Wir präsentieren Ihnen unsere „Fundstücke“ – Unikatmöbel-Bauer, die wir in unserer Region entdeckt haben. Lassen Sie sich inspirieren!
Claudia Rinneberg: Quer und schief und alt und nicht geschummelt
„Man muss sie nämlich nicht nur sehen, sondern auch anfassen“, sagt Claudia Rinneberg aus Dießen und streicht über die weiche Kante eines Altholztisches ihres Showrooms am Marktplatz 3 in Dießen. Hier können Besucher erleben, wie individuell einrichten gehen kann. Rinneberg führt ein Pippi-Langstrumpf-Leben mit fünf Kindern, Hof, Tieren und Werkstatt. So webt das Leben dichte Fäden, die in einzigartigen Möbeln gipfeln – aus Holz, dem man ansieht, dass es gelebt hat. „Es ist nicht totgeschliffen, sondern ganz natürlich. Patina ist erlaubt“, sagt Rinneberg. Aus geöltem Metall, das Rost ansetzen darf und „so wunderschöne Landschaften bildet“, schwärmt die Künstlerin, die detailverliebt sogar das Eisen um das schiefe Holz baut. Quer und schief und alt darf es sein. Nichts ist geschummelt. „Mein Holz ist so, wie es kein Schreiner haben will“, lacht Rinneberg, die manchmal bei Bauern nachfragt, wenn sie einen Holzstoß sieht und manchmal sogar Tipps von Kunden bekommt – damit sie immer neues Altes bauen kann. Ob Betten, Küchen oder Tische, Waschtische, Hocker oder Bänke – Rinneberg fertigt, was Kunden wünschen oder auch nach eigenen Entwürfen. „Meine Kunden schätzen es, Möbel zu haben, die so einzigartig sind wie sie selber“, sagt die Künstlerin und Goldschmiedin, die auch höchst eigenwillige Ringe produziert.

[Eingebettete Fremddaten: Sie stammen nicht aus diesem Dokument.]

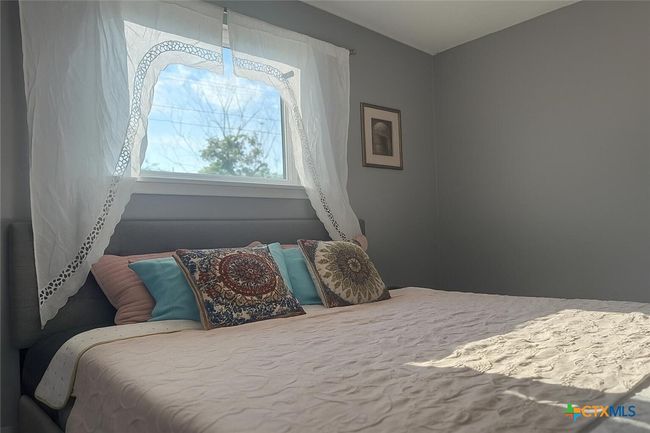 2705 Live Oak Dr, House other with 3 bedrooms, 2 bathrooms and null parking in Copperas Cove TX | Image 15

Claudia Rinneberg, Propst-Herkulan-Karg-Straße 24 a, 86911 Dießen, Tel. 0160-1855452, www.rinneberg-gestalt.de
Erbstück: Möbel mit eigener Geschichte
Unter seinen Händen wird Metall zu Unikatmöbeln wie Sideboards, Bänken, Tischen oder Regalen, zu nicht alltäglichen Gebrauchsgegenständen wie Briefkästen, zu Wohnaccessoires wie Vasen und Leseboxen oder zu Kunstobjekten. Alex Erb ist ein Schlossermeister, der seiner Kreativität freien Lauf lässt, Trends aufspürt und so wahre „Erbstücke“ schafft. Derzeit sind Outdoor-Küchen angesagt. „Meine Kunden sehen in südlichen Ländern, dass dort gerne draußen gekocht wird. Nachdem es auch bei uns immer wärmer wird, wünschen sie sich eine Outdoor-Küche“, erklärt er. Besonders gern setzt Erb Cortenstahl ein. Dieser bildet auf der Oberfläche unter seiner Rostschicht eine besonders dichte Sperrschicht. Diese entsteht durch Bewitterung und schützt das Objekt vor weiterer Korrosion. „Die daraus entstehende Patina passt zum geradlinigen Design meiner Arbeiten“, sagt der sympathische Handwerker, der seine Schlosserei in Wörthsee betreibt; die edlen Stücke im Showroom geben Kunden Anregungen für die Möbel, die dann individuell für sie nach ihren Ideen passgenau auf Maß gefertigt werden. Sind diese kombiniert mit Glas oder Holz, holt sich Erb Glaser oder Schreiner mit ins Boot. „Das ist mein Möbel, da habe ich mitgewirkt“ – es ist genau dieses Gefühl, das die Kunden bereits ab dem Entwurf mit ihrem neuen „Erbstück“ verbindet und es zum Lieblingsstück macht, das, auch aufgrund seiner hohen Qualität, zum Lebensbegleiter wird. Nachhaltigkeit sei ein großes Thema, sagt Erb. Lieber etwas mehr investieren und dafür ein langlebiges Möbel mit eigener Geschichte besitzen, das bestenfalls sogar einmal die Erben zu schätzen wissen – ein echtes „Erbstück“ eben.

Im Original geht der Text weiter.